By Ray Whitley
Finding the right balance between inventory investment and customer service is arguably one of the most
important objectives for any retailer. Buy too much inventory and you tie up cash (balance sheet impact)
and risk bottlenecks in the supply chain. Buy too little inventory and you risk stocking out in the store and
losing a potential sale (income statement impact) thereby annoying the customer. The cost of a lost sale
due to a stockout varies due to individual product economics but generally the cost is high for specialty
retailers due to their high initial markups, and of course, the cost of losing a customer's ongoing share of
wallet is unacceptably high.
There are numerous tactics a retailer can employ within its supply chain to reduce stockouts. This paper
will address some of the typical methods used by retailers. However, the focus and bulk of this paper will be
on detailing innovative approaches to reducing stockouts by extracting very large amounts of data from
corporate databases, reconstituting it in unusual ways, and then leveraging it.
A SHORT LIST OF TYPICAL APPROACHES
- Buy more: Many retailers confronted with the problem of stocking out in the stores will simply instruct
their merchants to increase the size of their purchases.

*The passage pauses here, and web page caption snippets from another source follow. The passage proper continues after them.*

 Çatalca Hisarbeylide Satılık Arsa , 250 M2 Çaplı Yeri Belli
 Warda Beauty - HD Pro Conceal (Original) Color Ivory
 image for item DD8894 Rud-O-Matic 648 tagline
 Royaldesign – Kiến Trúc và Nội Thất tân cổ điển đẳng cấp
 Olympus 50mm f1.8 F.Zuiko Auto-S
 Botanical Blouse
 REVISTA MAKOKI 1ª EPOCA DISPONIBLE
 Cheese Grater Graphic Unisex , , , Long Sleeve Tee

While this approach will reduce the probability of
a store stockout for each affected SKU, serious side effects may occur in the form of incremental
inventory processing and holding costs, an adverse balance sheet impact to cash, increased markdown
activity, a risk of bottlenecks in the supply chain, etc.
- Optimize initial inventory commitments: For example, rather than committing 70% of a purchase to the
stores and keeping 30% in the DC as a reserve, a retailer may adjust the ratio downward with the intent
of capturing more regular priced sales and staying in stock longer generally throughout the store fleet.

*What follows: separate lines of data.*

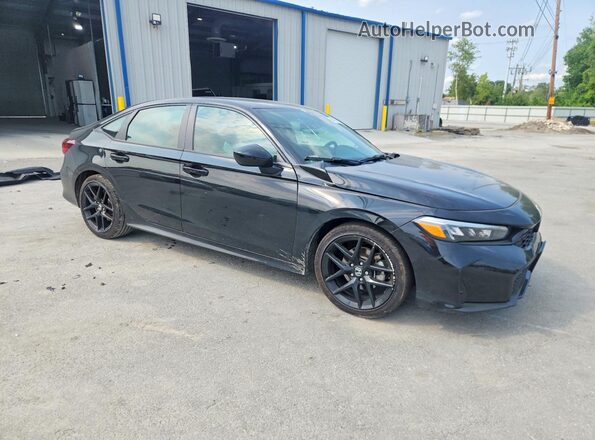 2HGFE4F83TH332063 2026 HONDA CIVIC Black Front right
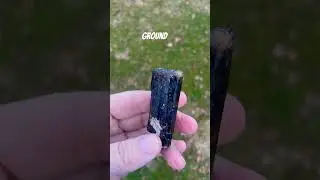 Brown tourmaline, also known as dravite, is a grounding stone that is used in  spiritual practices.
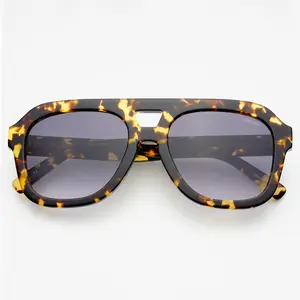 FREYRS Eyewear Voyager Aviator Mens Womens Acetate Sunglasses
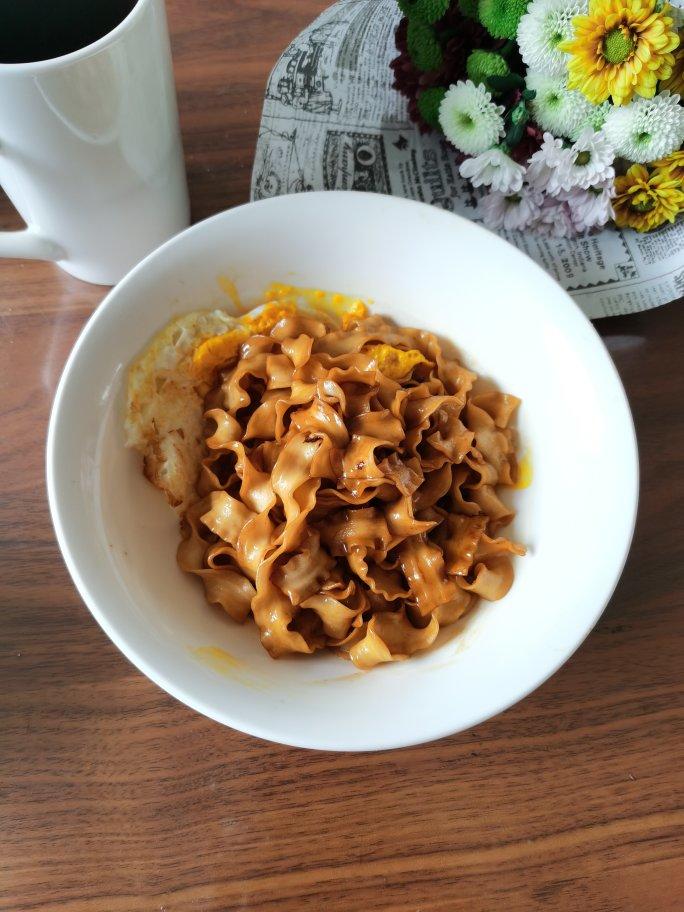 慢厨房葱油拌面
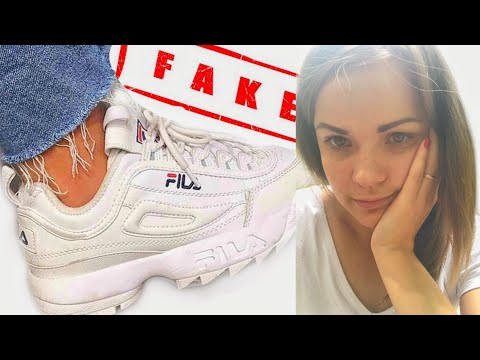 Fila Disruptor 2 Признаки Подделки // Как Отличить Оригинал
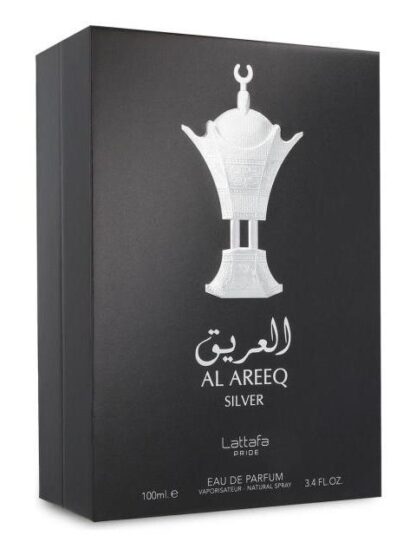 LATTAFA AL AREEQ SILVER 100ML EDP SPRAY - UNISEX - Image 4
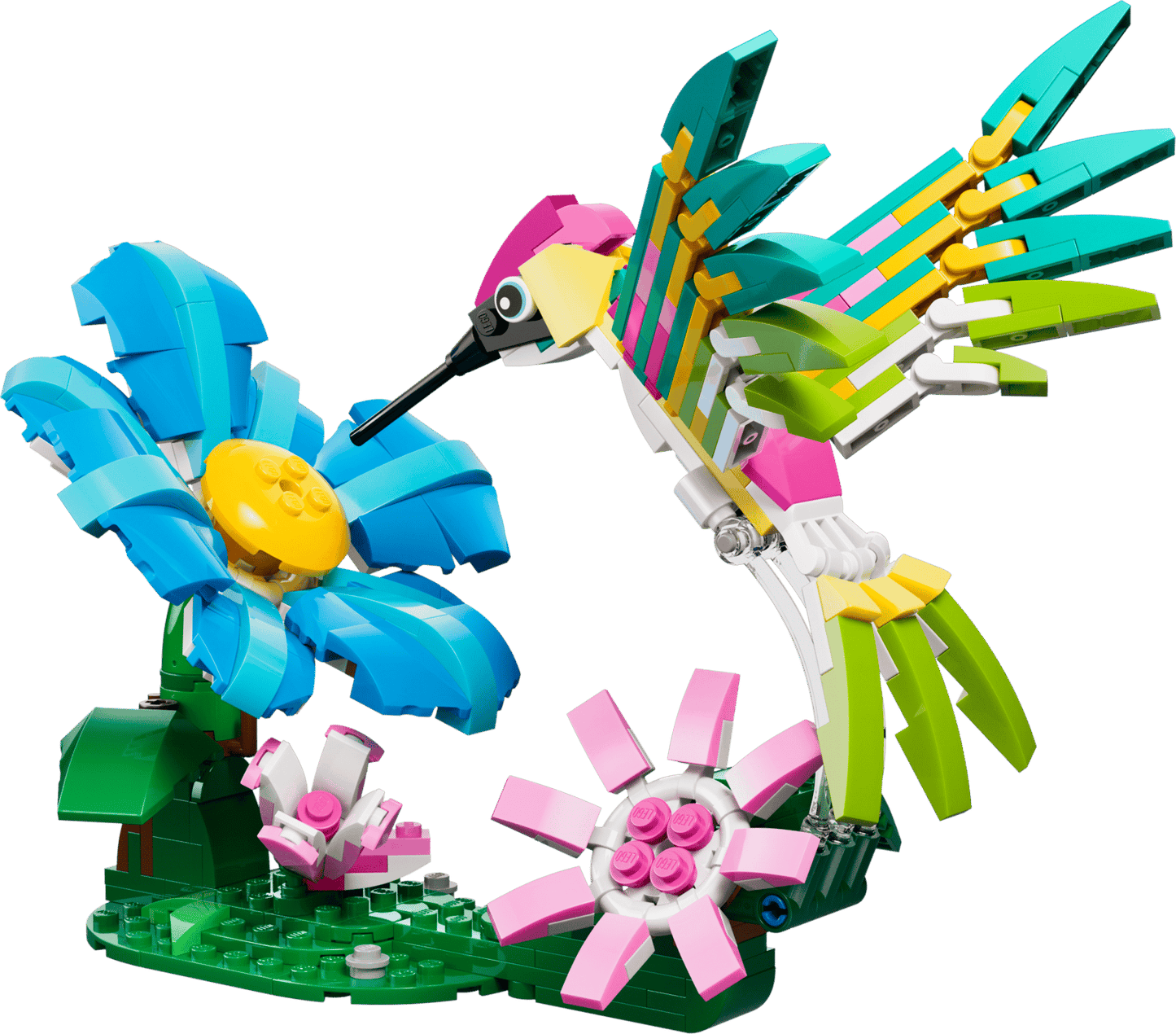 LEGO Wild Animals Colorful Hummingbird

- Change system parameters: Retailers using systems to support their DC to store allocation process can
make adjustments to the auto-replenishment and/or allocation logic in their systems to decrease the
probability of stocking out (e.g., increase display inventory, increase replenishment amounts, etc).

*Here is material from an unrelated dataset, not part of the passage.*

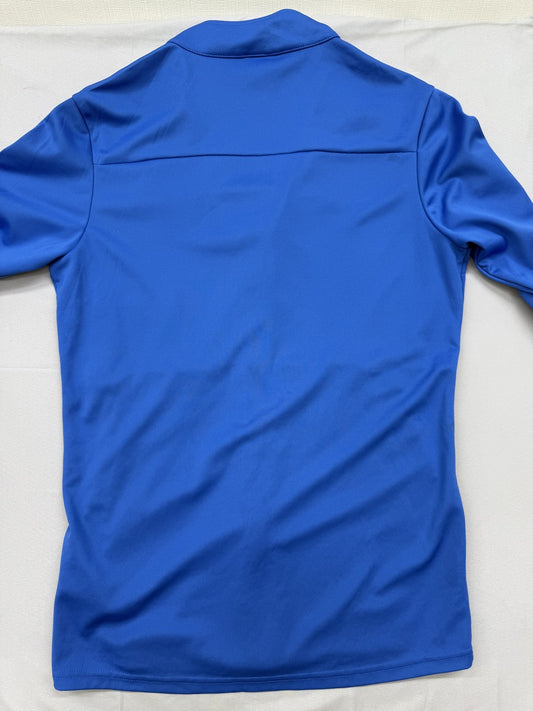 Nike Men's Blue Jacket – Size S, Long Sleeve, Football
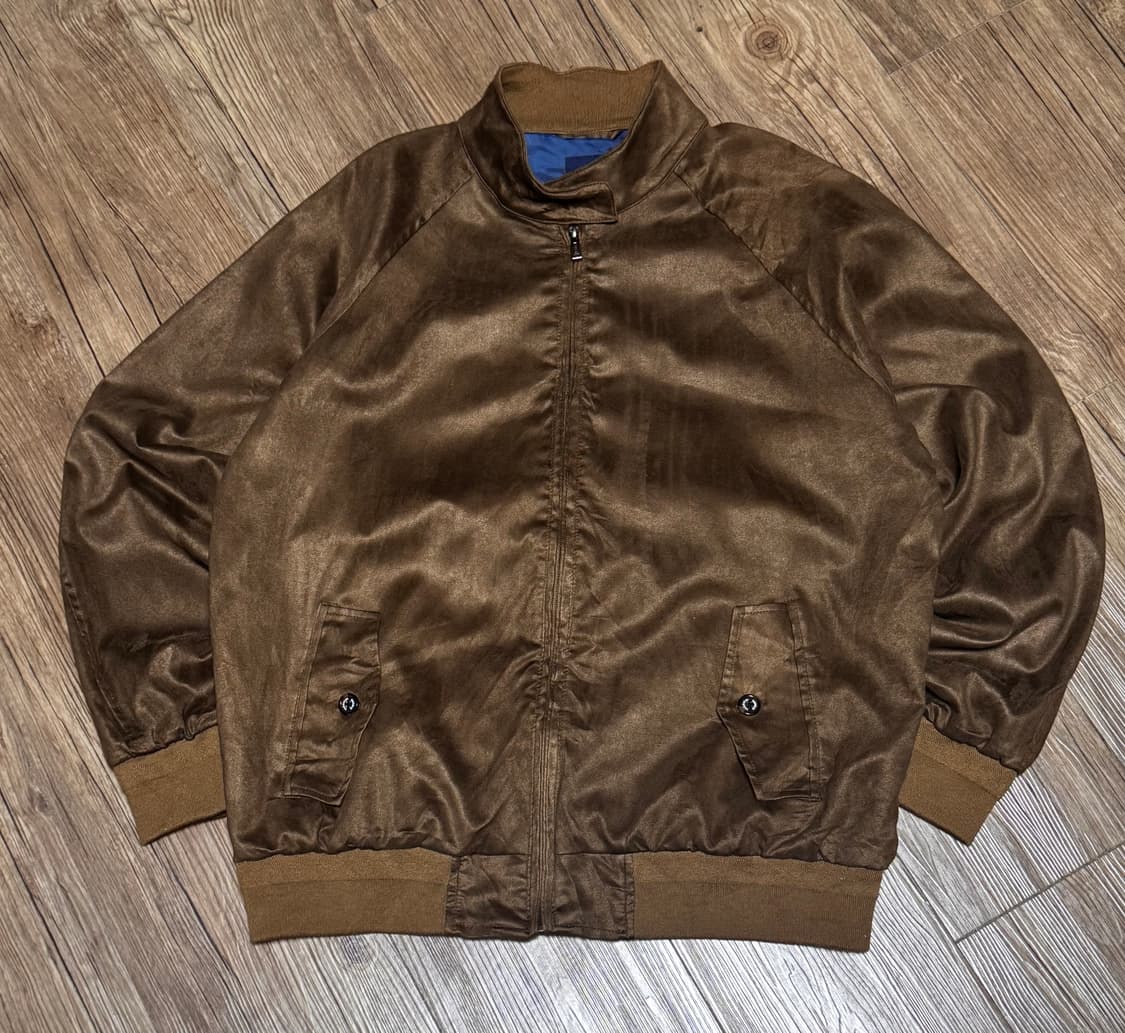 세르지오 타키니 테니스 스웨이드 자켓 상품이미지2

Another approach is to address the front end (if there is one) of the replenishment and allocation
processes by improving the demand forecasting model to generate more accurate forecasts.
- Reduce cycle-time: Any effort to take time out of the store-sale-to-storeshelf-replenishment process will
have some positive impact on store stockouts. Typical areas to focus on would be increasing allocation
and store delivery frequency (e.g., instead of twice a week allocate and deliver three times per week),
streamlining DC processing and outbound transportation service, and optimizing the entire DC physical
network to enable faster cycle times.
Two points I'd like to make about this list. First, this is by no means a comprehensive list of tactics to reduce
stockouts in the stores. Second, every one of the listed tactics can positively impact stockouts in the stores
and therefore should be considered and perhaps attempted. As a caveat, the "Buy more" tactic should be
deployed judiciously for reasons mentioned earlier.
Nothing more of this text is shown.